Sometimes models work better with init=adapt_full sometimes adapt_diag is just better, and I don’t quite understand in which situations adapt_full is supposed to work better or what does it tell you when it does. I would also like to understand if you can somehow use some of the information of adapt_full, e.g. extract the mass matrix, and obtain from that some intuition on how to reparametrise your model to get adapt_diag to work better.

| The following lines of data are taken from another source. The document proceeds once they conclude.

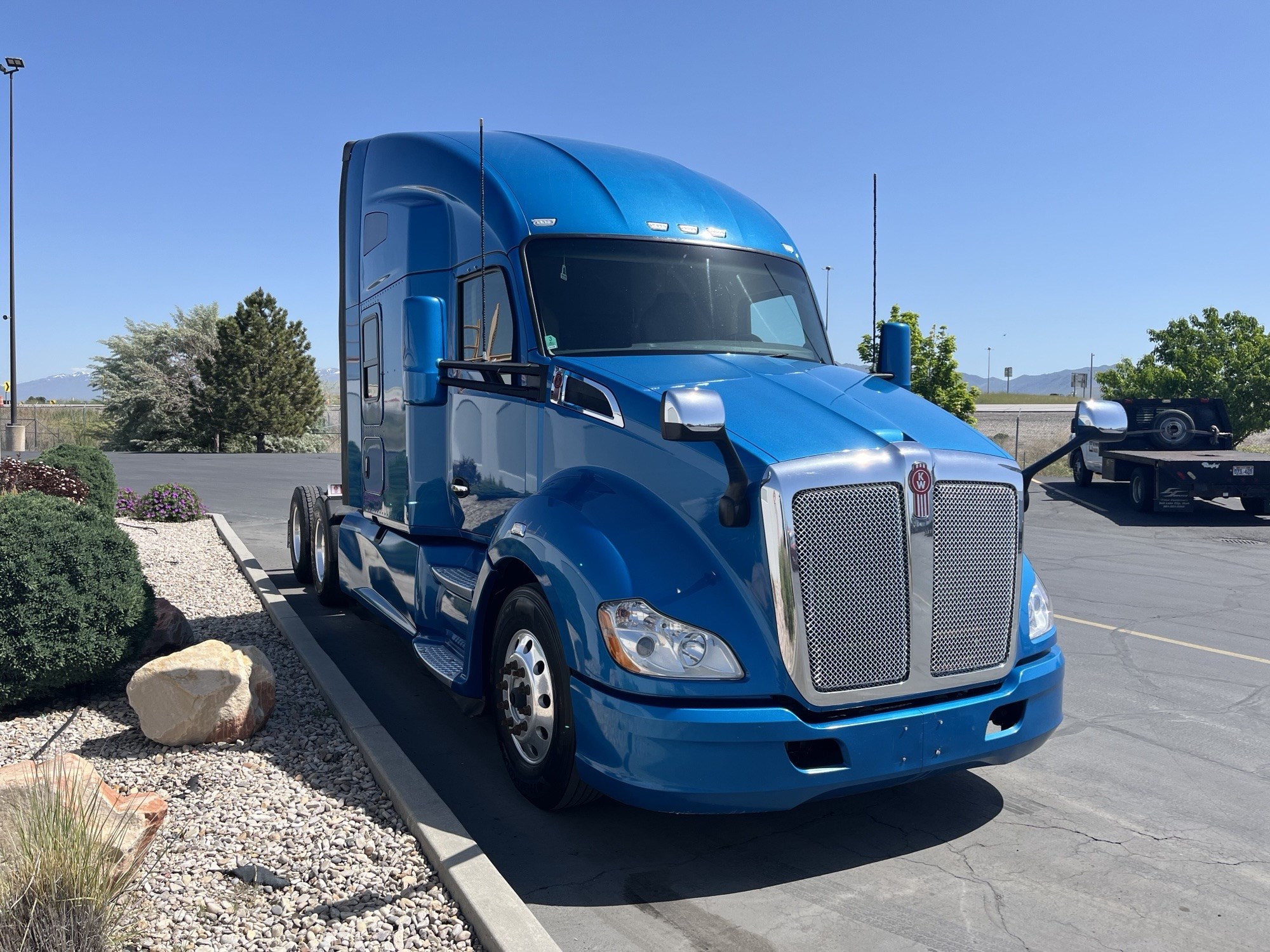 2021 Kenworth T680 - image 3 of 6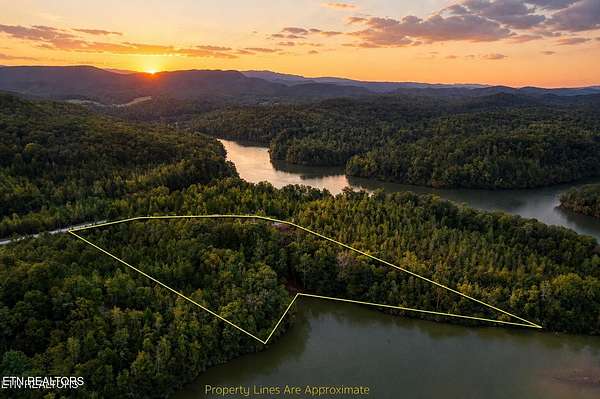 5.1 Acres of Residential Land for Sale in Vonore, Tennessee
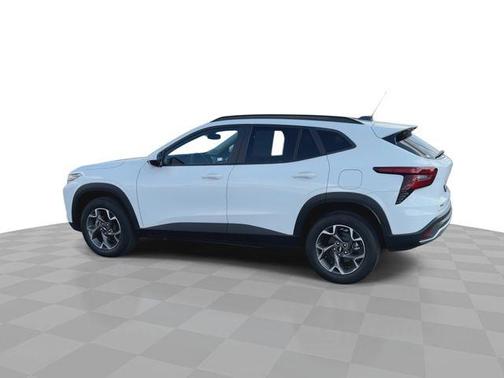 Summit White 2024 Chevrolet Trax LT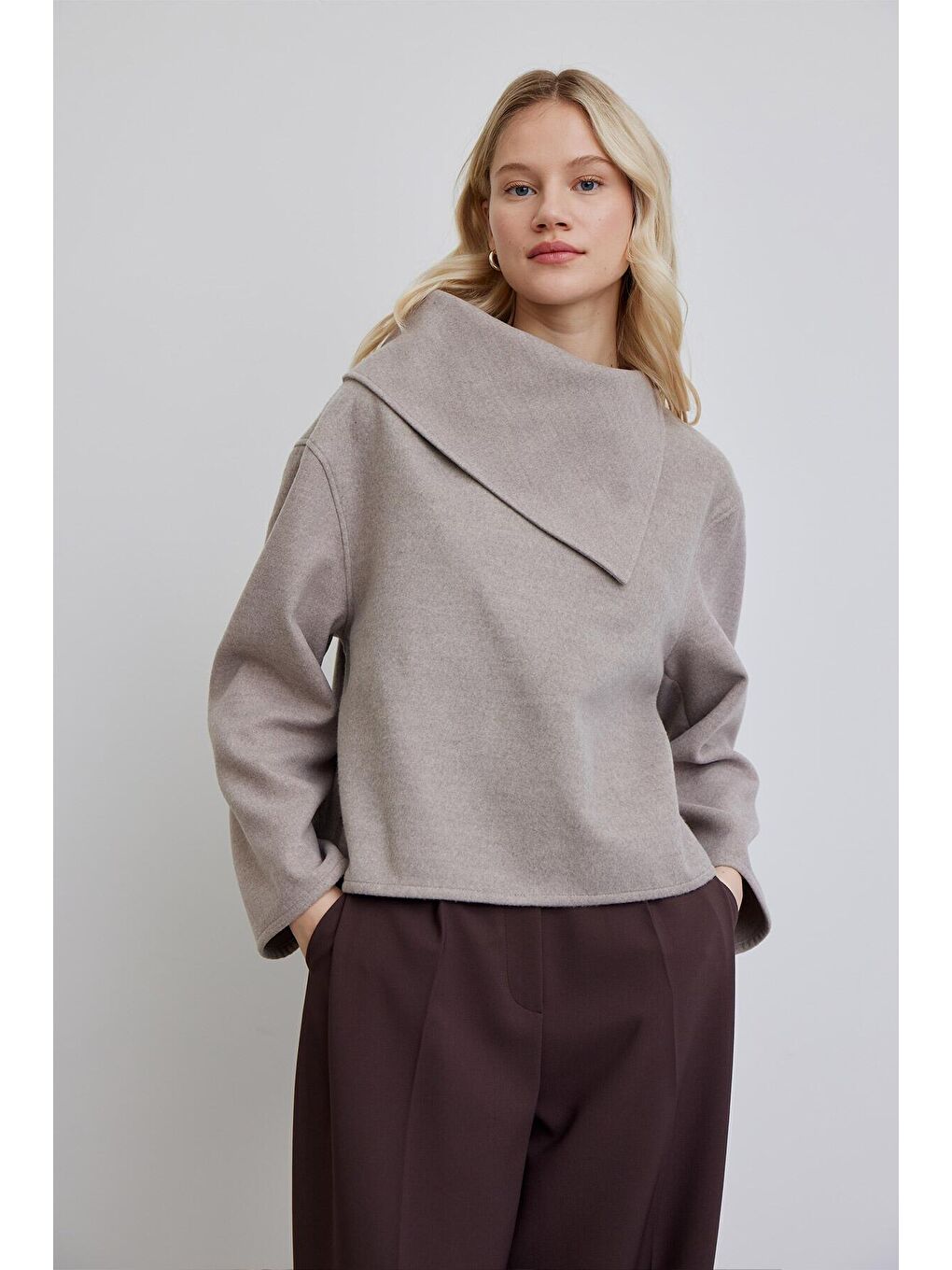 Bej Geniş Yaka Kaşe Bluz Vizon-1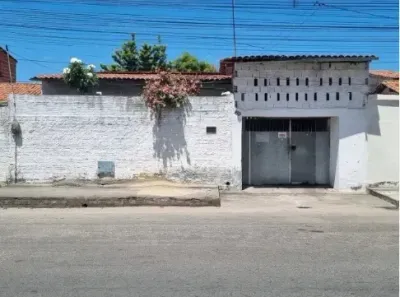 Casa com 3 Quartos à venda, 180m² no Senador Carlos Jereissati, Pacatuba
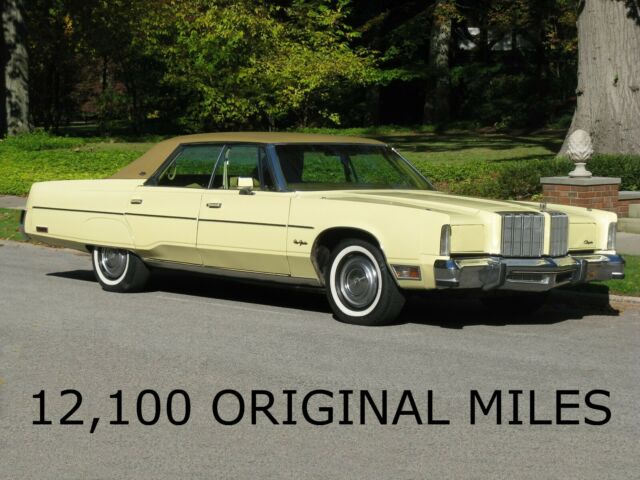 1978 Yellow Chrysler New Yorker Sedan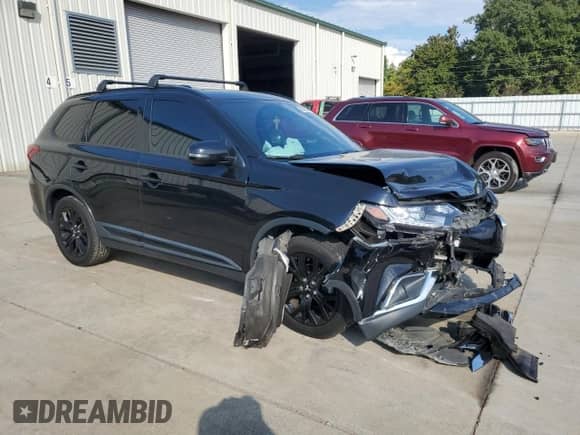 2018 Mitsubishi Outlander SE with VIN JA4AD3A36JZ067258, listed as a Copart auction lot 81457995 with 112,346 mi miles and Salvage title. Bid and sale history available at DreamBid. Image 4.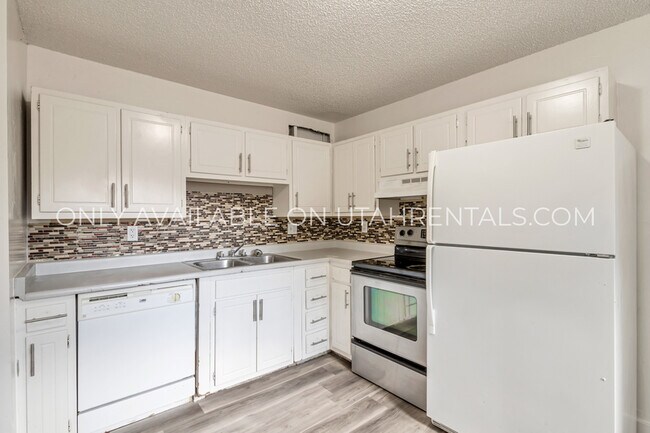 Building Photo - 539 Swenson Ave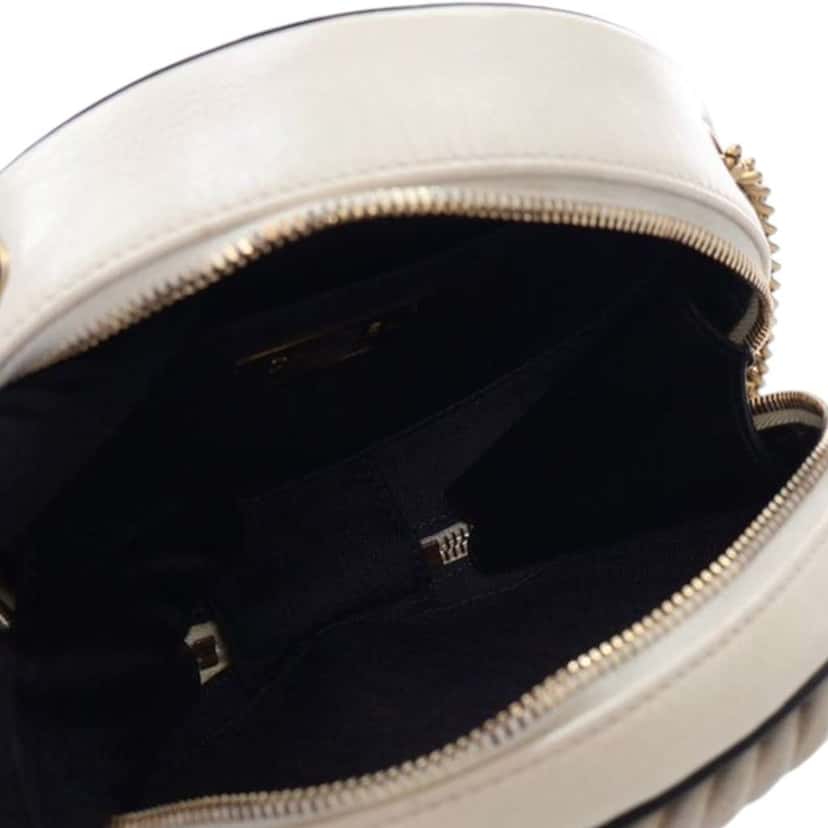 Chanel Crumpled Calfskin En Vogue Round Bag Black Leather Good condition - Box View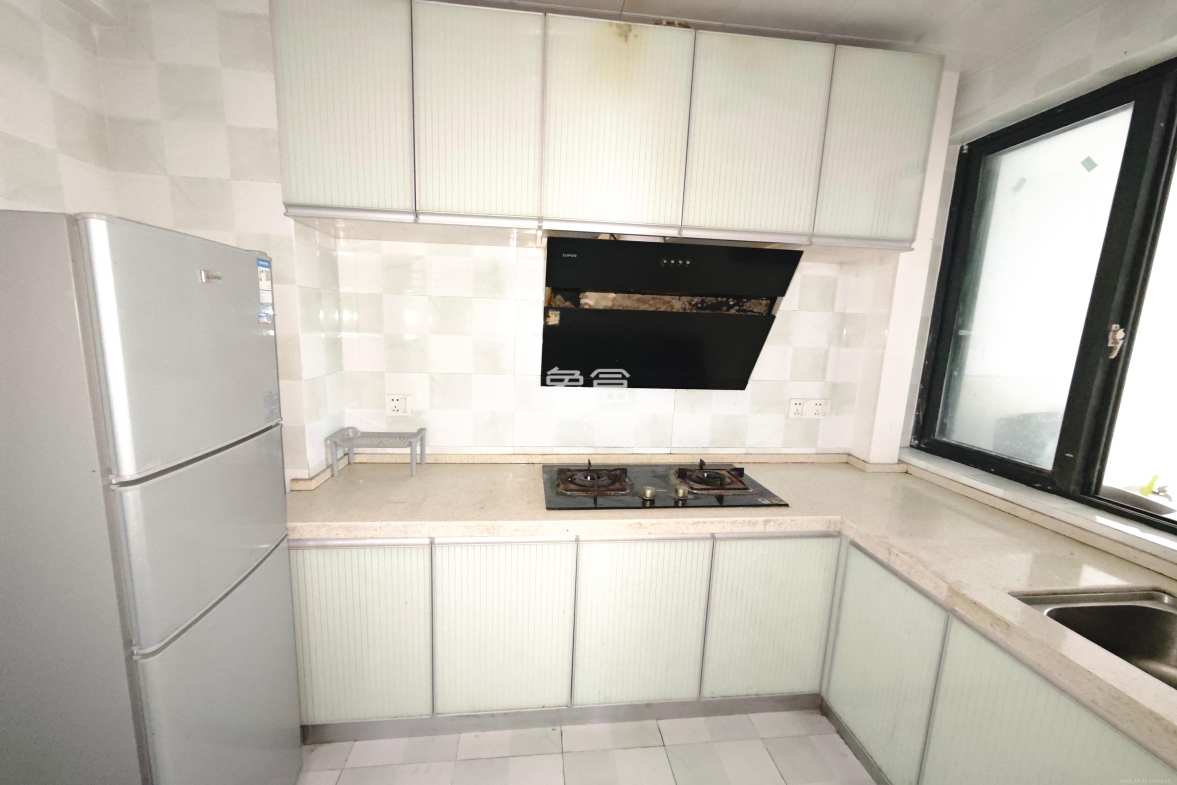 尚都花园城  2室2厅1卫    1600.0元/月 尚都花园城  2室2厅1卫    1600.0元/月室内图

In the context of Quantum Field Theory, which is what the HMC was created for, I have always used the identity as a mass matrix. And this works. A dense mass matrix would anyway not be possible, even for a small space-time it would not even fit in the memory of any of our supercomputers. And this works despite our models always being very badly parametrised, in the sense that a large part of the game consists precisely in finding the actual degrees of freedom (protons and so on) emerging from the gluon&quark parametrisation, and that’s the whole reason why the HMC exists (otherwise a Taylor expansion would be enough).

Is this mass matrix tuning related to the No U-turn extra layer?

By the way, I have never understood if and how I could use pymc.HamiltonianMC to construct a good-old HMC with a fixed step size without all the fancy auto-tuning (even with a single-level integrator)

Concrety, my current problem is:

I have a model which I started to write with an increasing level of complexity. Basically the top layers of the graph are shared, and then the difference is whether at the end I have:

- A normal likelihood
- A multivariate normal likelihood
- A VAR with multivariate normal innovations

And I am stucked after step 1. This samples in 10 minutes with adapt_full, lasts for days without end with anything adapt_diag based, and somewhat samples in 10 minutes with JAX/Numpyro but not as good as PyMC/adapt_full. I could be fine with that, but the problem is that I cannot use adapt_full for the second model: because of my covariance matrix it seems to be too many variables and then the mass matrix can just not fit in memory. So somehow I need adapt_diag to work on model 1.

My data is approximately 200(components)x200(samples), with the covariance acting in the first dimension so a 200x200 LKJ or WB prior. My data also has plenty of orders of magnitude (mostly decaying exponentially in the first dimension), which might not be ideal in terms of stability.